The Supreme Court has allowed passive euthanasia, but made sure to set out strict guidelines that will govern when it is permitted.
The apex court also permitted an individual to draft a 'living will' specifying they not be put on life support if they slip into an incurable coma.
- The order was passed by a five-judge Constitution bench of Chief Justice (CJI) Dipak Misra and Justices A K Sikri, A M Khanwilkar, D Y Chandrachud and Ashok Bhushan. The apex court's order came on a plea by the NGO 'Common Cause'.
- The top court also set in place strict guidelines for carrying out the mandate of a 'living will'. The court did this by specifying who is authorised to give effect to it. The court also talked of involving a medical board to determine whether the patient in a vegetative state could be revived or not.
- Euthanasia refers to the painless killing of a patient, who is either in a vegetative state or going through a non-reversible disease.
- There are two types of Euthanasias which are broadly used in medical terms, active and passive.

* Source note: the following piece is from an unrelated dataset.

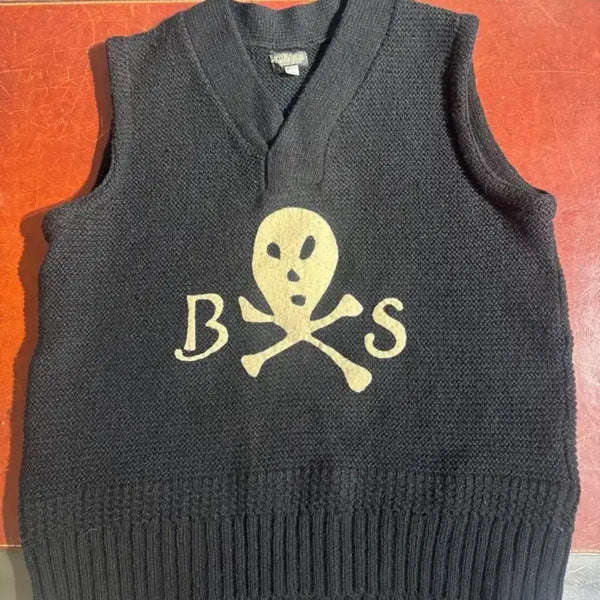 [BUNJANG] Blacksign Skull Knit Vest / 블랙사인 스컬 니트 베스트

Active Euthanasia vs Passive Euthanasia
- Active Euthanasia means that the medical professional deliberately does something that leads to the death of the patient.
- Passive Euthanasia, on the other hand, refers to the complete deprivation of any further medical treatment such as slowly getting rid of useful medicines and discontinuation of basics such as food and water so that the patient dies under strained circumstances.
- It can be said that active euthanasia is killing while passive euthanasia is letting die.
- The debate over passive Euthanasia is simple. Many believe that it is acceptable to withhold medical treatment and allowing the patient to die as it means that their suffering will stop once and for all.
- Passive Euthanasia can mean giving the patient painkillers that can eventually lead to death. Active Euthanasia can include the decision of the patient himself or herself or their family members to let the patient die.